Task objective: Under this line are the records; repeat exactly the lines starting at the one containing "City Centre - Parking" and ending at the one containing "Vue d'ensemble - 4946", omitting pictures.

Given entries:
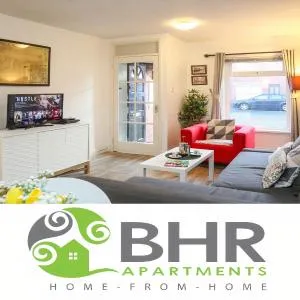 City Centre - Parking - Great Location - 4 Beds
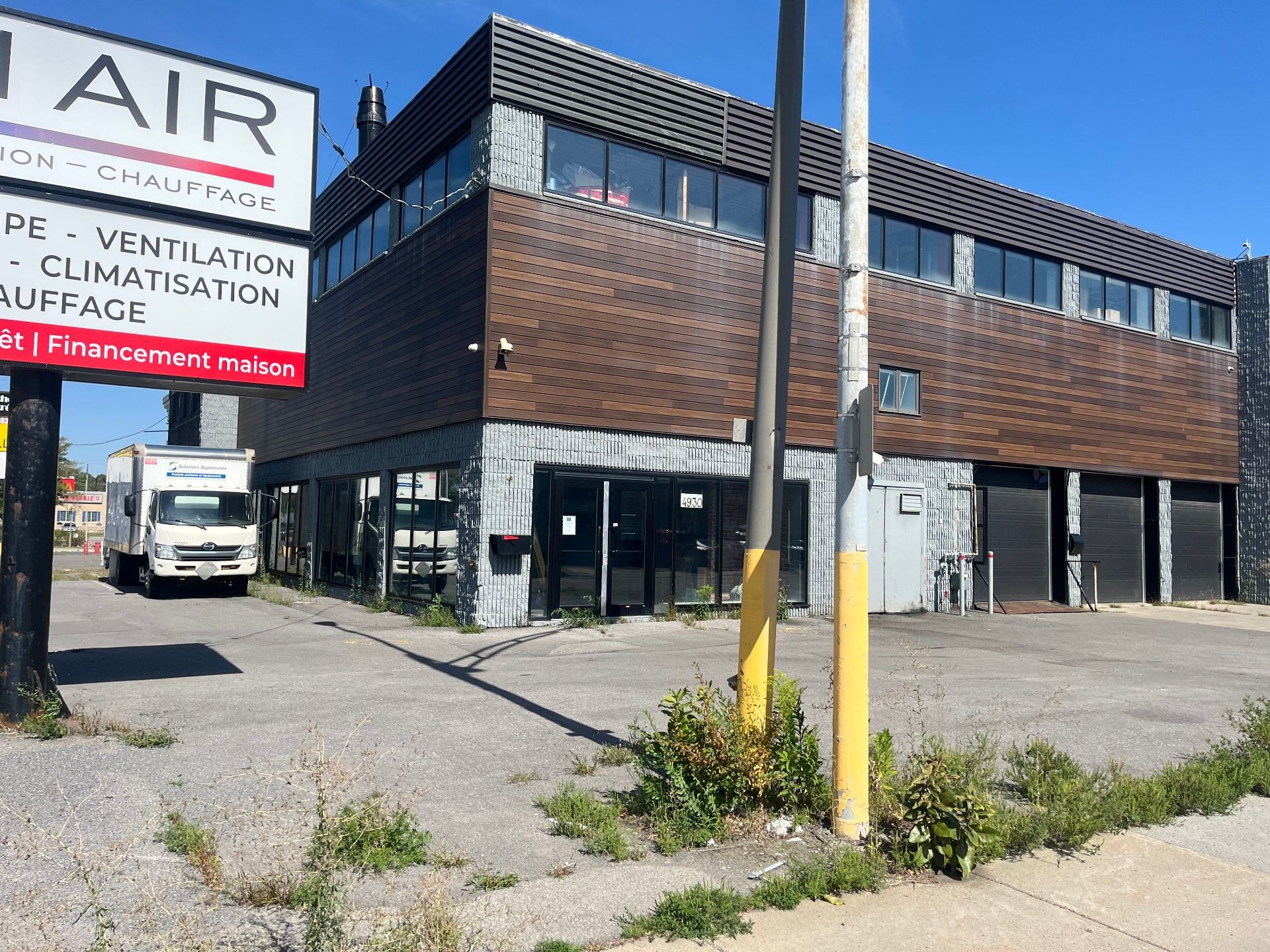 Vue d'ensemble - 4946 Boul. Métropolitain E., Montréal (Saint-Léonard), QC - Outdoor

---

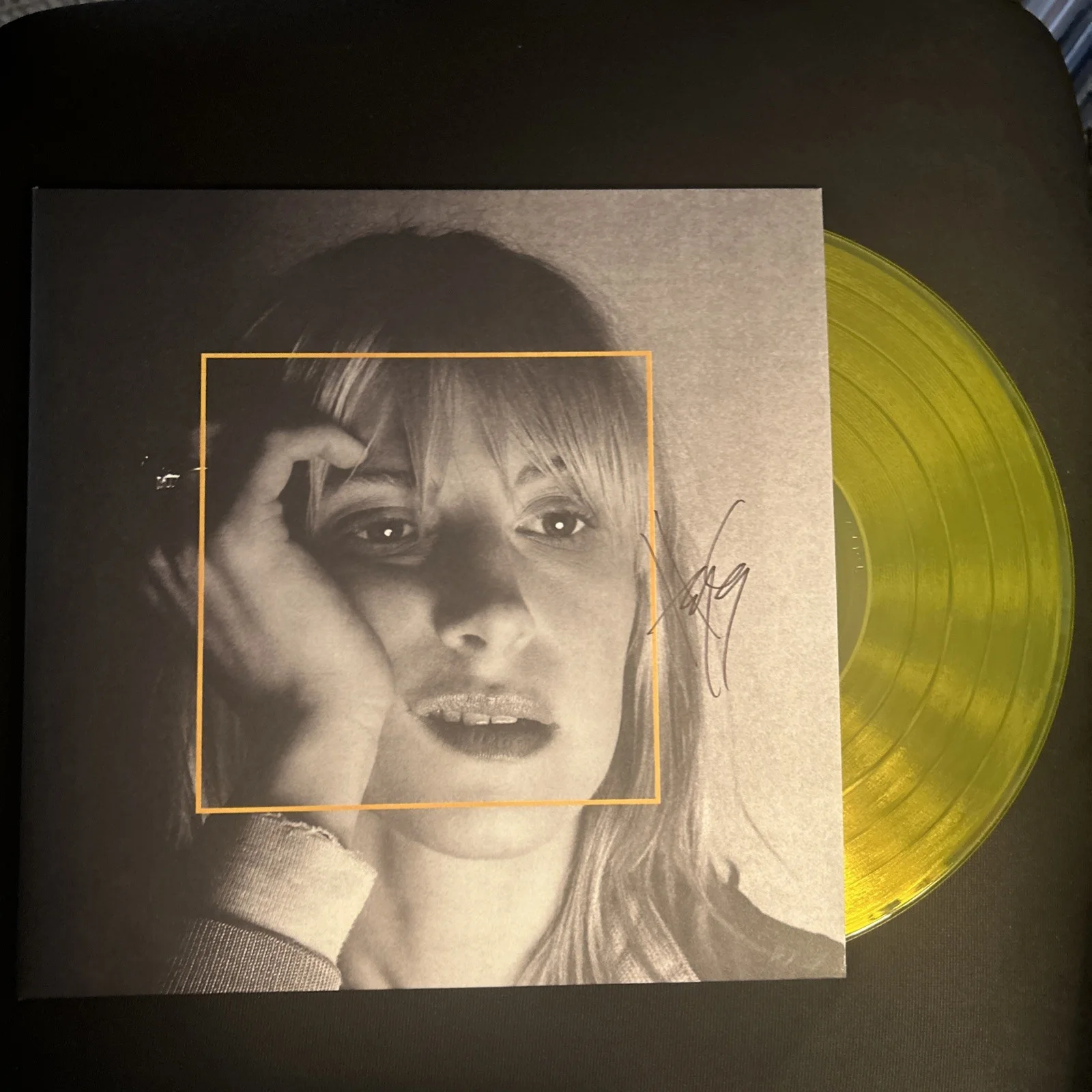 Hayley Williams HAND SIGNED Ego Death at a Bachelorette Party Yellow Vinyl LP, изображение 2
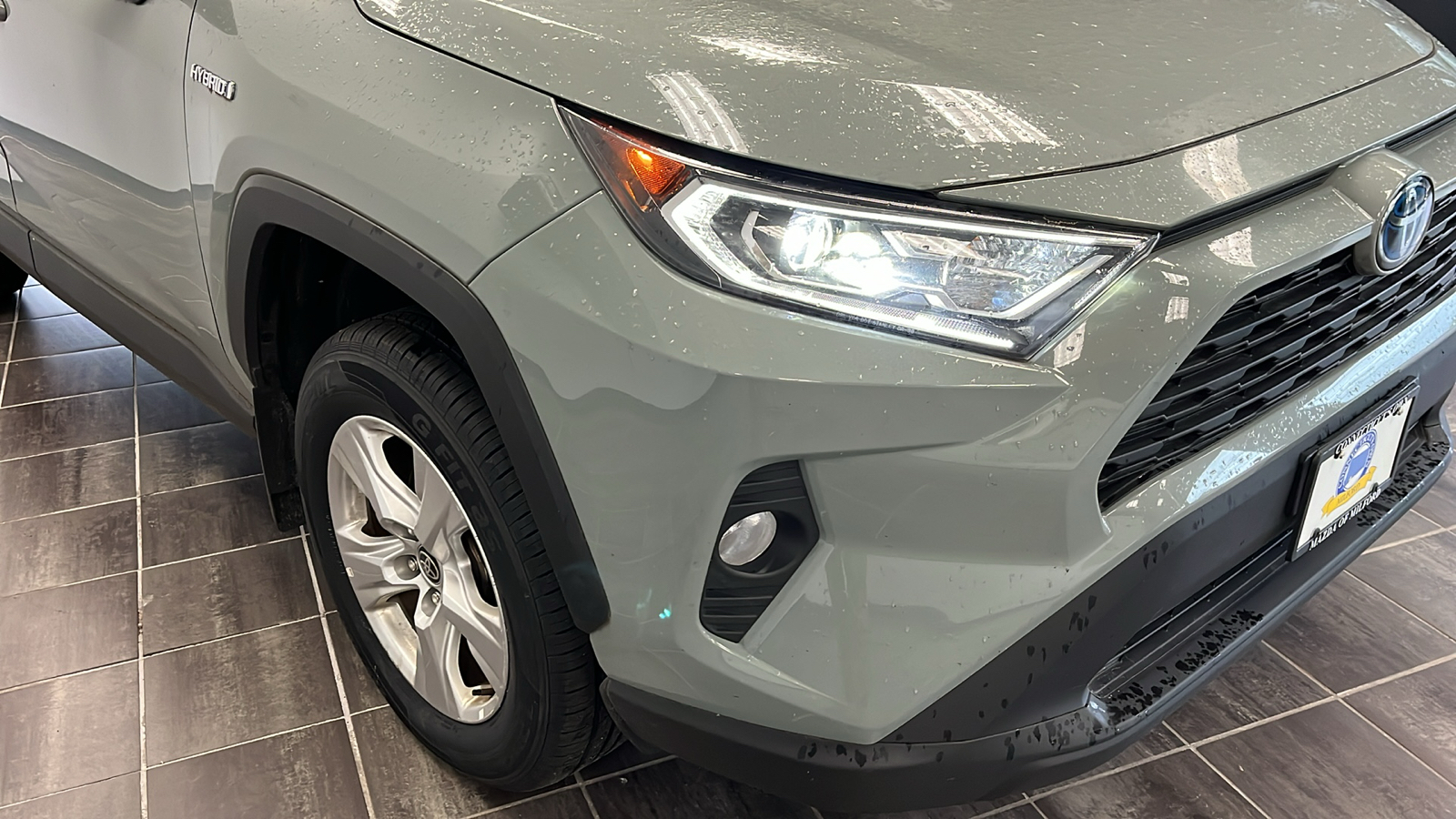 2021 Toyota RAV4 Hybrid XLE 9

Written reply:
 City Centre - Parking - Great Location - 4 Beds
 Vue d'ensemble - 4946 Boul. Métropolitain E., Montréal (Saint-Léonard), QC - Outdoor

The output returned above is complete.